三宅島、御蔵島への交通手段はフェリーかヘリのみで、フェリーの場合は東京から三宅島、御蔵島を経由する八丈島行きに乗ります。
外洋に位置するため、潮流と風の影響を受けやすく、フェリーが欠航することもしばしば。
特に、御蔵島は過酷な自然環境に置かれており、港は1カ所しかありません。状況に応じて3つの港を使い分けることができる三宅島とは上陸の難易度が異なります。
島に興味がある人にはXの御蔵島フェリー就航予報というアカウントがとても役立ちます。2日前に御蔵島着東京行きと八丈島行きの就航確率を予報してくれます。御蔵島観光協会の東海汽船運航状況と照らし合わせて確認したところ、90%を超えればかなりの安心材料になりそう。風向きや潮の流れ、波の高さなどから機械学習を用いて数値を弾き出しており、かなりの的中率を誇ります。
では、実際に御蔵島へ向かってみましょう!出港は22時30分。乗船1時間前の21時30分には東京・竹芝港へ向かい、簡単な乗船手続きを済ませて船に乗り込みましょう。
前日は現地海上不良のため欠航。例のサイトのフェリー就航確率は76%だったので、やはり90%を下回れば欠航も覚悟しなければいけません。
三宅島の運航状況は◯でしたが、御蔵島は★。★は出航しますが、海上・港内状況等により接岸できない場合があるという意味です。一抹の不安が漂いますが、今夜のフェリー就航確率は97%。無事に上陸できると信じたい。

今夜の寝床はこちら。2等和室。枕あり。貸毛布は1枚100円。船内レストランは23時30分まで営業。シャワーも完備(1回100円)。Wi-Fiもありますが、通信速度が遅く、ほとんど使い物になりませんでした。データ通信なら微弱の電波が届きますが、出航したらスマホは使えないと考えていた方が良いでしょう。そんな時は本。夜長にピッタリ。

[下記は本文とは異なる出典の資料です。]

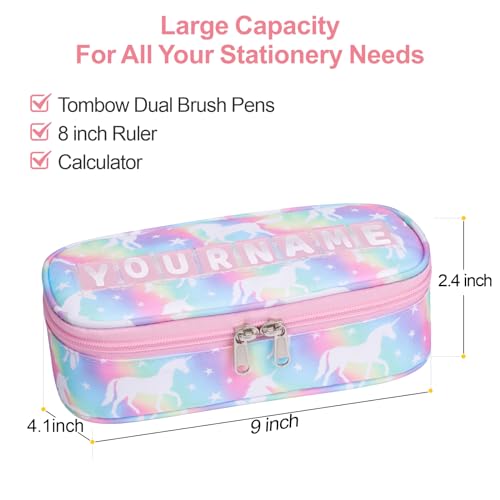 Image of Bagseri Kids Pencil Case Box - Unicorn Pencil Case for Girls Bid Capacity Pencil Pouch for School, Multifunction Pencil Bag with Compartments for Kids Teen, Pen Case Only (Colored Unicorn)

今回持ってきたのは仕事のご縁で知り合った矢樹育子さんの『ウルからジョンへ』。偶然、「花辺島」という架空の島にまつわる旅の話でした。「旅行に書物を携帯するのはわたしの癖だった。未知の人と話したがる旅人ばかりとは限らない」。
と思いきや、消灯は23時30分。ラウンジなどがないので寝るしかありません。今回は10人部屋に結局私1人しか泊まっておらず、実質貸切状態。これはうれしい。
外洋に出るとかなり揺れが強く、夜中は何度か起きてしまうかもしれません。4時30分には館内放送が流れて通常照明に変わります。
三宅島5時、御蔵島6時、八丈島8時55分入港なので、三宅島以降に下船する人はまだしばらく眠れますが、半強制的に起こされてしまいます。一方で、「御蔵島は通常運行となりました」といううれしい知らせも。上陸はほぼ間違いなさそうです。
甲板に出ると立派な三宅島。手前には神津島、奥には御蔵島も見えます。

緑が広がる三宅島は約20年に一度、噴火が発生する火山島。かつては人口規模300人ほどの御蔵島と比べて10倍以上で推移しており、物資や交通などの生活を支えるなど密接な関係でした。
穏やかな日常が一変したのが2000年。火山活動が1983年以来の活発化。大規模な噴火に加えて、最大震度6弱の地震を6回観測。生命に関わる極めて危険な状況となり、9月には3日以内の全島民避難が決まりました。「残りたい」「仕事がない」「見知りぬ土地で孤立しないか」という否定的な声がある一方で、家族や仕事の責任感から島に残っていた人も多く、拘束力の強い行政命令が出たことで気持ちに一区切りついた人も多かったそうです。それでも警察や消防、役場や電力会社の職員およそ600人は島に残りました。危険なため、夜間は港に停泊する船で過ごしたそうです。全島避難指示は2005年2月1日午後3時まで4年5ヶ月に及びました。
そうこうしている間に御蔵島が近づいてきました。半円状の可愛らしい見た目の島です。しかし、間近で見ると断崖絶壁。「どうやって接岸するんだ」と恐怖を覚えることでしょう。上陸困難といわれる理由にも納得するはずです。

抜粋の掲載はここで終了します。